How about Arrow, the Flash, and Daredevil, Agent Carter, and Agents of Shield?  All based on previous properties, but done in ways on TV not done before, telling new stories with an interpretation of those characters.  Are they "new"?

Syfy is going to do a version of Fredrick Pohl's "Gateway" on TV.  It is a book from the 1970s that I doubt many here have read, and has never had a visual media adaptation.  Is it "new"?

Star Wars: Rebels is supposedly pretty good.  Old setting, new story - is it "new"?


----------



## tomBitonti (Aug 25, 2015)

Umbran said:


> Syfy is going to do a version of Fredrick Pohl's "Gateway" on TV.  It is a book from the 1970s that I doubt many here have read, and has never had a visual media adaptation.  Is it "new"?




Wait, what?

But I bet there are plenty of folks here who have read who have read Gateway 

Thx!
TomB


----------



## Jhaelen (Aug 25, 2015)

Dunno. I guess part of being jaded simply comes with age: The more you've watched, the more refined your tastes get. E.g. a few years ago I realized I simply cannot bring myself to watch another typical 'popcorn' action movie. It simply bores me to death. I want a good story to accompany the action, otherwise it's just a waste of my (increasingly!) precious time.

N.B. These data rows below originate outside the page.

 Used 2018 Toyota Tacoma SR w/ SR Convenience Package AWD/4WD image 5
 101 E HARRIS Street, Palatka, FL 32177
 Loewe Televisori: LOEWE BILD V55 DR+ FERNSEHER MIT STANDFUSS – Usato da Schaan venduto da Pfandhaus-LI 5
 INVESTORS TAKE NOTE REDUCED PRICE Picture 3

However, tv shows don't have to be 'new' to excite me. If they're well done, retreading well-known themes is just fine, especially if they feature intriguing characters. E.g. the original 'The Killing' or 'The Bridge' were simply awesome without telling anything remotely 'new'.

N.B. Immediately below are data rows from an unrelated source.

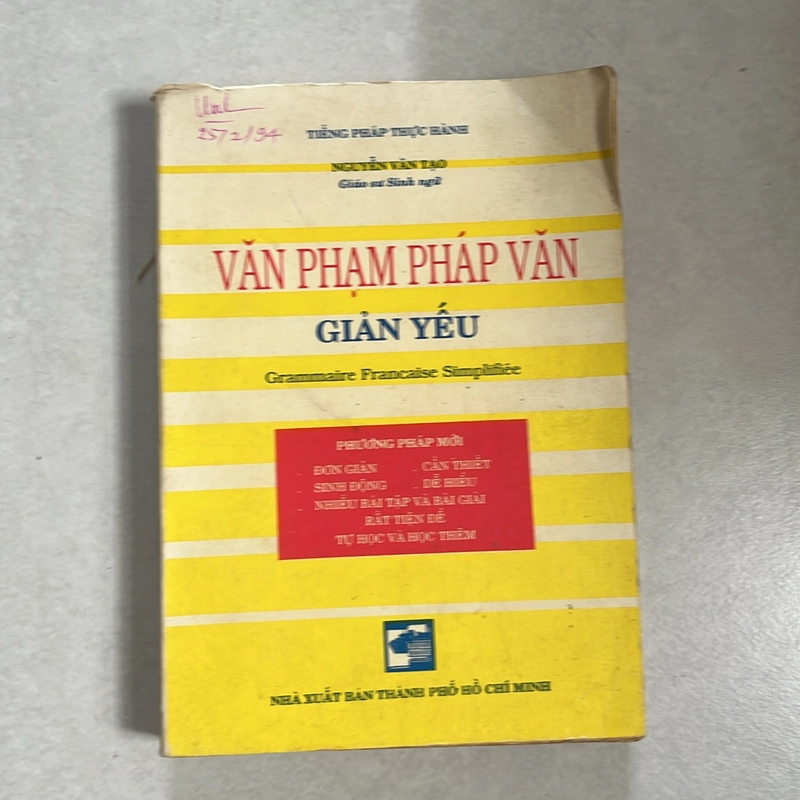 Sách học Tiếng Pháp 496177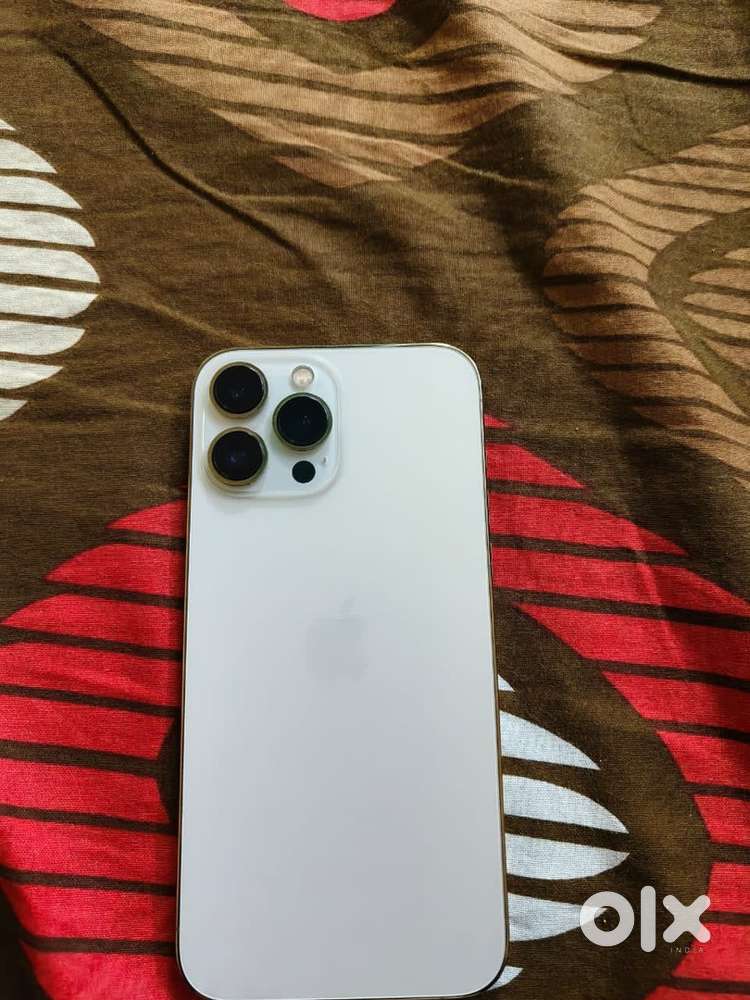 Iphone 13 pro max super mint condition gold colour
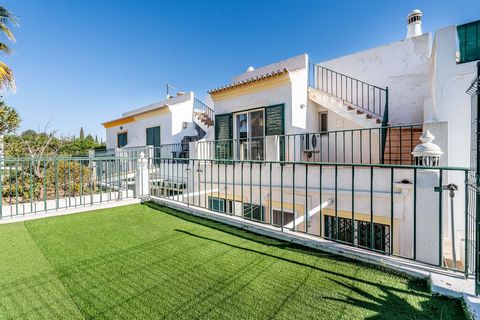 This elegant semi-detached villa, located in an exclusive private condominium in the Quinta do Sol Urbanisation in Mato Serrão, Carvoeiro, offers a unique experience of comfort and privacy. Private condominium with the added benefit of a private comm...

And despite it becoming more and more difficult to tell a 'new' story, there are exceptions, e.g. I really thought that 'Pushing Daisies' or 'Real Humans' were rather unique (and well done).


----------



## Janx (Aug 25, 2015)

tomBitonti said:


> Wait, what?
> 
> But I bet there are plenty of folks here who have read who have read Gateway
> 
> ...




no kidding!  I was like "what!?! Gateway!  Cool!"


----------



## Mallus (Aug 25, 2015)

Jhaelen said:


> And despite it becoming more and more difficult to tell a 'new' story, there are exceptions, e.g. I really thought that 'Pushing Daisies' or 'Real Humans' were rather unique (and well done).

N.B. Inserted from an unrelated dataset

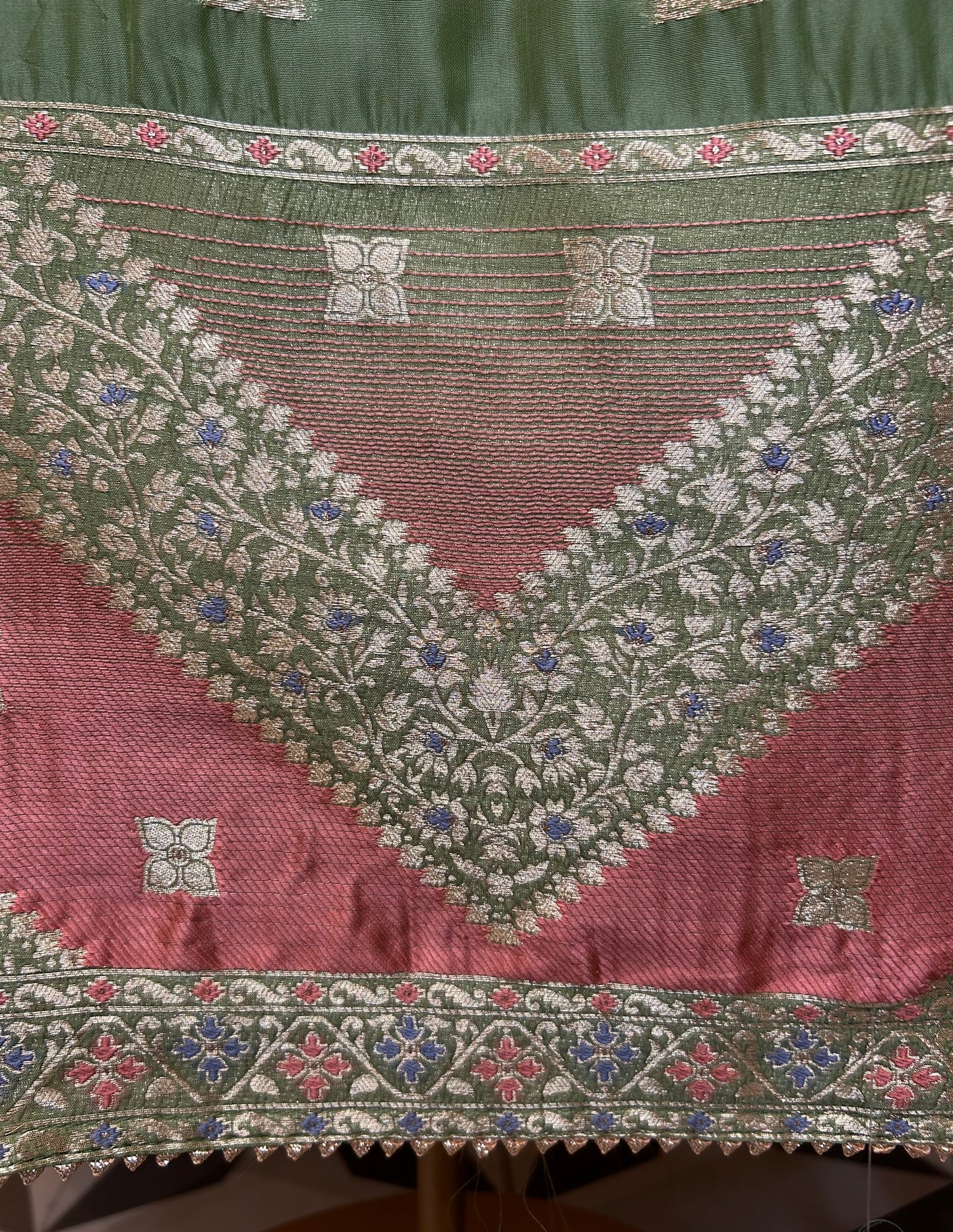 Afsana Banarasi Suit (Green)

Bryan Fuller's Pushing Daisies was wonderful. His Hannibal is also remarkably good -- I got into it about two weeks before the cancellation announcement! 

I've heard great things about Mr. Robot, BTW. Oh, and Sense8 on Netflix is wildly ambitious, unlike anything else (well, except for Cloud Atlas), effing great, *and* just got renewed for at least one more season.


----------



## Crothian (Aug 25, 2015)

Mallus said:


> I've heard great things about Mr. Robot, BTW. Oh, and Sense8 on Netflix is wildly ambitious, unlike anything else (well, except for Cloud Atlas), effing great, *and* just got renewed for at least one more season.




Both of those might suffer from when they get to the answers. Shows like Lost and Heroes also came out with neat ideas but when they had to bring answers they failed either in trying to or ignoring them. Right now they are just potential and with luck they will live up to that potential.


----------



## Janx (Aug 26, 2015)

Crothian said:


> Both of those might suffer from when they get to the answers. Shows like Lost and Heroes also came out with neat ideas but when they had to bring answers they failed either in trying to or ignoring them. Right now they are just potential and with luck they will live up to that potential.




A big problem with Lost and BSG is that the writers basically said "it's all about the characters"

Which was good for writing great characters.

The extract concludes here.